▸ **WHAT IS BEING ASKED**: Within the records below, find the line with "Art Design,Christmas,Pet Memorial,Cozy,Pet" and the line with "Coloriage Shaina Pixel", then reproduce exactly those two lines and all lines between them, without any picture.

▸ **SUPPLIED MATERIAL**:
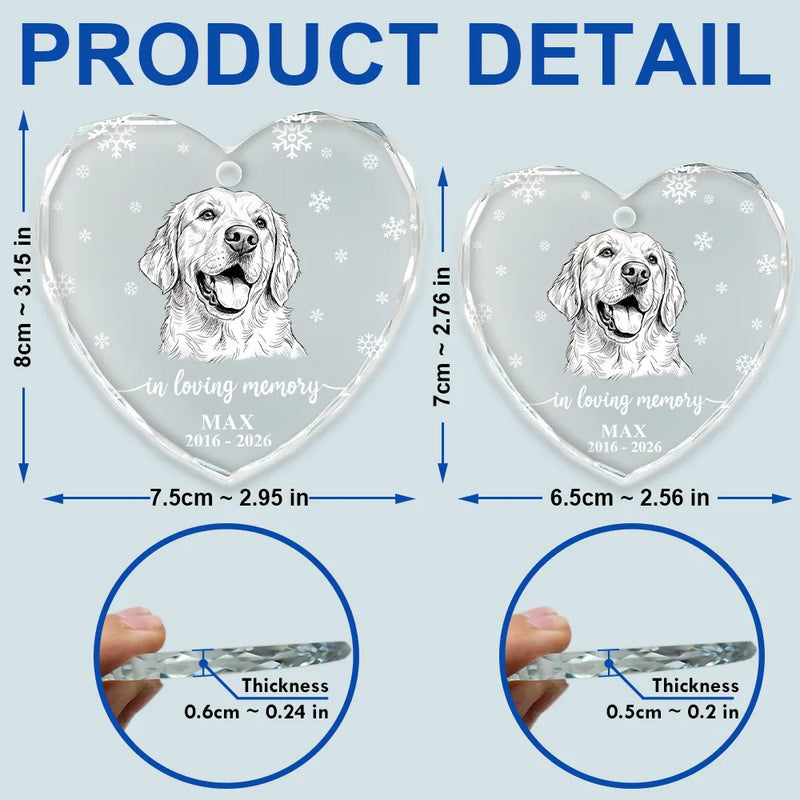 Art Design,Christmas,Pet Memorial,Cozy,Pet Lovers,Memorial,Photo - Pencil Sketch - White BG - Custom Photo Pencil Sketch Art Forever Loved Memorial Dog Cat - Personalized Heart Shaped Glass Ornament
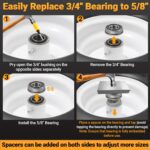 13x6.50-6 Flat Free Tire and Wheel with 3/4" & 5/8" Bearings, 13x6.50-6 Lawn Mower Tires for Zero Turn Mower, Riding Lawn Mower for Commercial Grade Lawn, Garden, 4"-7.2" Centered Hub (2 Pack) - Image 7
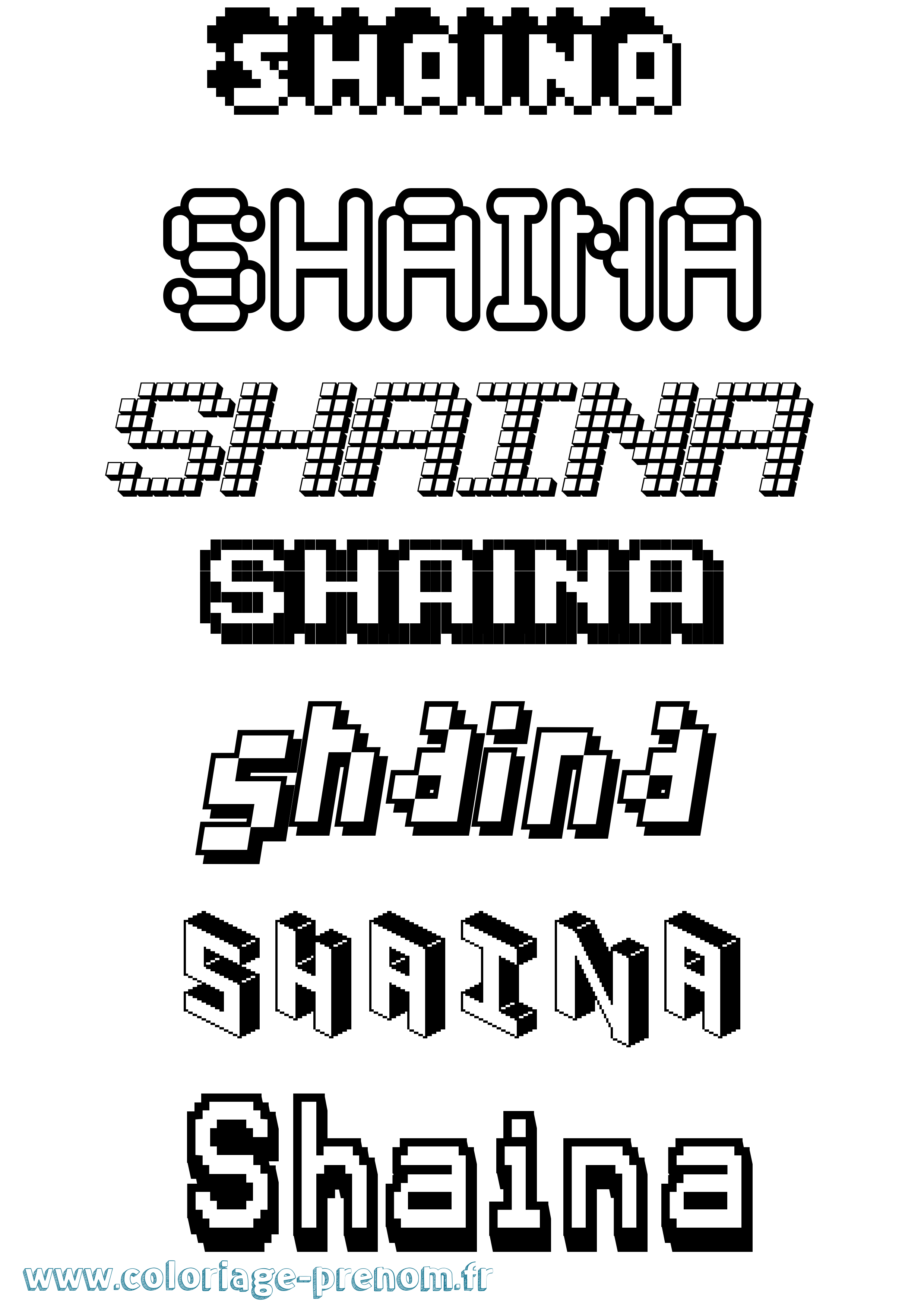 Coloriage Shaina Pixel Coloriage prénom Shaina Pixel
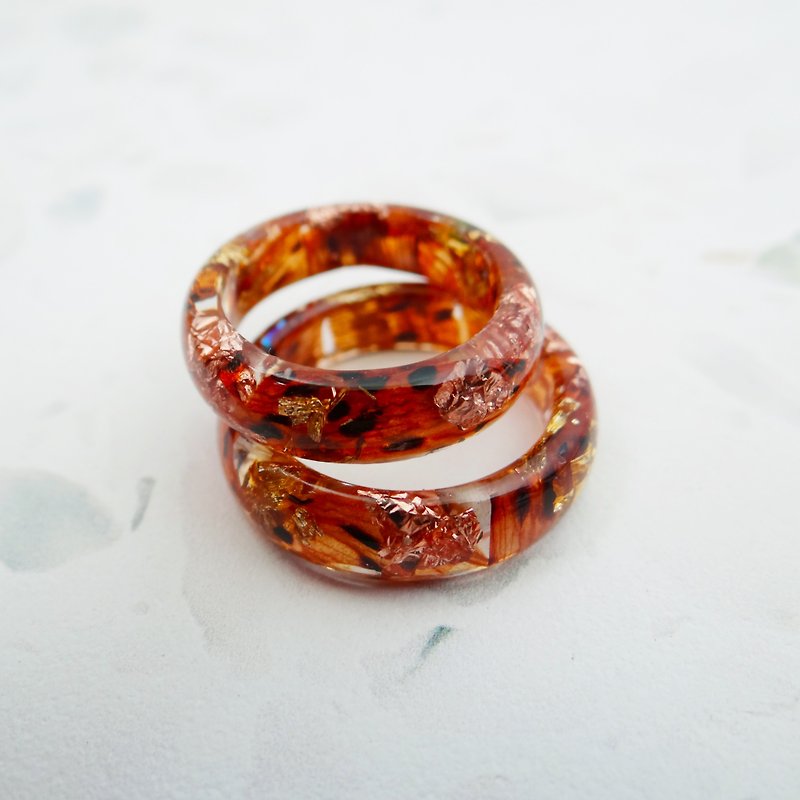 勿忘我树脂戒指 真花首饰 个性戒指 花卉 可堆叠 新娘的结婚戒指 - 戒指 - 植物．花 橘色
---
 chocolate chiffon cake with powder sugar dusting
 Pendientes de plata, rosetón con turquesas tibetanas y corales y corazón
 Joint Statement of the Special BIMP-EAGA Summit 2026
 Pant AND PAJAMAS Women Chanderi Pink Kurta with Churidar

▸ **RESPONSE BELOW**:
 Art Design,Christmas,Pet Memorial,Cozy,Pet Lovers,Memorial,Photo - Pencil Sketch - White BG - Custom Photo Pencil Sketch Art Forever Loved Memorial Dog Cat - Personalized Heart Shaped Glass Ornament
 13x6.50-6 Flat Free Tire and Wheel with 3/4" & 5/8" Bearings, 13x6.50-6 Lawn Mower Tires for Zero Turn Mower, Riding Lawn Mower for Commercial Grade Lawn, Garden, 4"-7.2" Centered Hub (2 Pack) - Image 7
 Coloriage Shaina Pixel Coloriage prénom Shaina Pixel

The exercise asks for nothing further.